Perfect quantum state transfer in a dispersion-engineered waveguide
Zeyu Kuang, Oliver Diekmann, Lorenz Fischer, Stefan Rotter, Carlos Gonzalez-Ballestero
TL;DR
The paper tackles the fundamental limitation of time-reversal symmetry in quantum state transfer within a chiral waveguide by proposing a passive, dispersion-engineered waveguide design that passively time-reverses the emitted photon pulse. It derives analytic dispersion relations for both well-separated and closely spaced qubits, and uses multiparameter optimization to enhance transfer fidelity in intermediate regimes, achieving near-unity transfer (≥98%). An inhomogeneous, spatially tailored dispersion segment is introduced to render the scheme robust to variations in qubit separation, complemented by adjoint-based optimization to push performance toward unity. The approach is fully passive and compatible with on-chip photonics, with potential extensions to quantum memories and multi-excitation state transfers, highlighting engineered dispersion as a powerful resource for waveguide QED networks.
Abstract
High-fidelity state transfer is fundamentally limited by time-reversal symmetry: one qubit emits a photon with a certain temporal pulse shape, whereas a second qubit requires the time-reversed pulse shape to efficiently absorb this photon. This limit is often overcome by introducing active elements. Here, we propose an alternative solution: by tailoring the dispersion relation of a waveguide, the photon pulse emitted by one qubit is passively reshaped into its time-reversed counterpart, thus enabling perfect absorption.
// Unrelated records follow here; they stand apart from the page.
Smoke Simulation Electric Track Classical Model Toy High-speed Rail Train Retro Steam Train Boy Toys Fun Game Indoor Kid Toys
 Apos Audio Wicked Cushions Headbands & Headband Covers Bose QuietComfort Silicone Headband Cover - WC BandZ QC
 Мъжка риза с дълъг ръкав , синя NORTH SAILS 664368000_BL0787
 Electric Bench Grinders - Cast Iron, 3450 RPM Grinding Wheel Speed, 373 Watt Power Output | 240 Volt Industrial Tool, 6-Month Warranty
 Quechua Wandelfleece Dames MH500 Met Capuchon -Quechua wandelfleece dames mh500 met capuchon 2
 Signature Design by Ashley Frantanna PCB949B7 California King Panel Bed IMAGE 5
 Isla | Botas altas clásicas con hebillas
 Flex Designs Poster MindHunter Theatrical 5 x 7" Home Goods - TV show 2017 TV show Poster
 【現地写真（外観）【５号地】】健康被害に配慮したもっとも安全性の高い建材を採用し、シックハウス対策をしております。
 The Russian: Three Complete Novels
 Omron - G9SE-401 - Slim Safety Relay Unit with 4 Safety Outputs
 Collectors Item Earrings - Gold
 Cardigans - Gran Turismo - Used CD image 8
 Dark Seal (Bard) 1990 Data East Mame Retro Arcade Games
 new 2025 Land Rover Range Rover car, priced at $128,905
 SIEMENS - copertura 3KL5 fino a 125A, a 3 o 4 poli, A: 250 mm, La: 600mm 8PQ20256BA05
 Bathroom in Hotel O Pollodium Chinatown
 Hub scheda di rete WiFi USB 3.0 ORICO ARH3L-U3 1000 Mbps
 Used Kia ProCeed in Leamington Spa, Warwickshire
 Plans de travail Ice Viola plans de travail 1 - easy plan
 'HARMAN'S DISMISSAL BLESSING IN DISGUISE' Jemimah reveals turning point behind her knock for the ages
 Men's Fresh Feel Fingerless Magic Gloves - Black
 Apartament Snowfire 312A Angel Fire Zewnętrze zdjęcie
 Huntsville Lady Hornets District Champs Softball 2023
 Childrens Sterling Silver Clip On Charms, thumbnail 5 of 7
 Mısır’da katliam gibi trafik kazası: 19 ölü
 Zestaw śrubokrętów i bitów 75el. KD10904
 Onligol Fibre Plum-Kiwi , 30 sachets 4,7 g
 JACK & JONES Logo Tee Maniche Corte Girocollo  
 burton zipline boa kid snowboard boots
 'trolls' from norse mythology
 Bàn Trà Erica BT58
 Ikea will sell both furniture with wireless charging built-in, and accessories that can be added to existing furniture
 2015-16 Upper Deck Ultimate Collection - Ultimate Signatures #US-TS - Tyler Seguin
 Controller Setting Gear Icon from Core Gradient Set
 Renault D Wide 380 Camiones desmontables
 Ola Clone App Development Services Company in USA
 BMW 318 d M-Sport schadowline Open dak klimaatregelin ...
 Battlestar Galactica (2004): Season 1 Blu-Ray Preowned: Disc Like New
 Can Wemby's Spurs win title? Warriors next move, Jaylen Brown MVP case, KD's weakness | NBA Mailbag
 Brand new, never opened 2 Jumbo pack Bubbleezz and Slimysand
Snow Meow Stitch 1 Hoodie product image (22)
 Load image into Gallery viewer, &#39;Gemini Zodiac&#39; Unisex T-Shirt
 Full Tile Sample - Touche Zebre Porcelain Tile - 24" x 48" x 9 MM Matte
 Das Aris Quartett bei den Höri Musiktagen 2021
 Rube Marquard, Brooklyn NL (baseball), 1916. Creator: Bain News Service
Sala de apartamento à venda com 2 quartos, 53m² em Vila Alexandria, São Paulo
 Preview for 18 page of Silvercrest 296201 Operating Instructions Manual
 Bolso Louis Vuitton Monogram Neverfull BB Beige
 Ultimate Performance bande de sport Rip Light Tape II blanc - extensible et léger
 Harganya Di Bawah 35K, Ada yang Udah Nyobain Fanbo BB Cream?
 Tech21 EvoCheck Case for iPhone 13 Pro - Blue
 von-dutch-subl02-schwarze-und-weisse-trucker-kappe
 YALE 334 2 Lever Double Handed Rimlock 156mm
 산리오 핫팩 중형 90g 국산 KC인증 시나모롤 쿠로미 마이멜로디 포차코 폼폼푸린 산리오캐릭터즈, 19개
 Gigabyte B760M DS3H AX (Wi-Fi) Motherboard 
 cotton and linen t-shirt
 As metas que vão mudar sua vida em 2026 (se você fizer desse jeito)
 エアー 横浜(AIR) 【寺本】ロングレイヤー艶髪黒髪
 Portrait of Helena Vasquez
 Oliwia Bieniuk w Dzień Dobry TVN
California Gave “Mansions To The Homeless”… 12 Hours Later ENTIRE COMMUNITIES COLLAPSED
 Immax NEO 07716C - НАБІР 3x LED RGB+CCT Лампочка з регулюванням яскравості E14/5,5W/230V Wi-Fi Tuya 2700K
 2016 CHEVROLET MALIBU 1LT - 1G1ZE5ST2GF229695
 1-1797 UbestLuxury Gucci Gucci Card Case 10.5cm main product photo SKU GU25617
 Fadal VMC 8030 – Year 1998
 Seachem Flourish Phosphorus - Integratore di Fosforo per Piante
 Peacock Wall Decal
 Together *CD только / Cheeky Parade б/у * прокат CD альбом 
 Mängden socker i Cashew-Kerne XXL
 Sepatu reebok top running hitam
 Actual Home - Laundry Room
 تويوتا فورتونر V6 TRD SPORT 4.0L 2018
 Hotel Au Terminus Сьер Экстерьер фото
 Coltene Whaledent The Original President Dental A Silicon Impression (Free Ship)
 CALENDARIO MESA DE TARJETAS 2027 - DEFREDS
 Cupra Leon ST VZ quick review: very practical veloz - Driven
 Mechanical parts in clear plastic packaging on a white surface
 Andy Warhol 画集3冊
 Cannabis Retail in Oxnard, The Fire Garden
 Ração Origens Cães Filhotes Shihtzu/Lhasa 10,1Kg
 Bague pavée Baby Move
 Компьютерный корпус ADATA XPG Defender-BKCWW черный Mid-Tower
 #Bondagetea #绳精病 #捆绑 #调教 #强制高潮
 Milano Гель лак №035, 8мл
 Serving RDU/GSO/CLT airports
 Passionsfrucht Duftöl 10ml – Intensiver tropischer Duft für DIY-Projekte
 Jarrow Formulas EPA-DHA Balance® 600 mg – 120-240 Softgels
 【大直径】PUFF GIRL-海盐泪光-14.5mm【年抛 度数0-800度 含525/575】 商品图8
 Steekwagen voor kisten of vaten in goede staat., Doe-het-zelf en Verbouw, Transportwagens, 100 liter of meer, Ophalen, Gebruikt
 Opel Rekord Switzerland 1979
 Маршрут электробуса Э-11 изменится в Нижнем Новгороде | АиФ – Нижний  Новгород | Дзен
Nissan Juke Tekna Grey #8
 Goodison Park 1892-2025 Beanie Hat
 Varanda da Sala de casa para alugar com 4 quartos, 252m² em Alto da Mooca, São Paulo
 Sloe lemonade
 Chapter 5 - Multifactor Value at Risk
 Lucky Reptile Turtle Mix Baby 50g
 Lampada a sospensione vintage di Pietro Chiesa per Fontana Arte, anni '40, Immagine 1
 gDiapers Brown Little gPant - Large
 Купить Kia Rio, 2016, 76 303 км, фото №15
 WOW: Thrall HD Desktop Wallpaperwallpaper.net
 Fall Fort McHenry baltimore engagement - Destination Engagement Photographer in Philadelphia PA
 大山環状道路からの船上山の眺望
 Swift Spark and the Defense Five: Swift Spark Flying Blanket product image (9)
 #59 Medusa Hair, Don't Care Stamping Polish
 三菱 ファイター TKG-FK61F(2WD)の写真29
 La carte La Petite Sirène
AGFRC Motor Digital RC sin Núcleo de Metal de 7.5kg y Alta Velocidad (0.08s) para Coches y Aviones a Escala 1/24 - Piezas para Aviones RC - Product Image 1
We analytically derive the optimal dispersion relations in the limit of small and large qubit-qubit separations, and numerically extend our results to arbitrary separations via multiparameter optimization. We further propose a spatially inhomogeneous waveguide that renders the state transfer robust to variations in qubit separations. In all cases, we obtain near-unity transfer fidelity (>= 98%). Our dispersion-engineered waveguide provides a compact and passive route toward on-chip quantum networks, highlighting engineered dispersion as a powerful resource in waveguide quantum electrodynamics.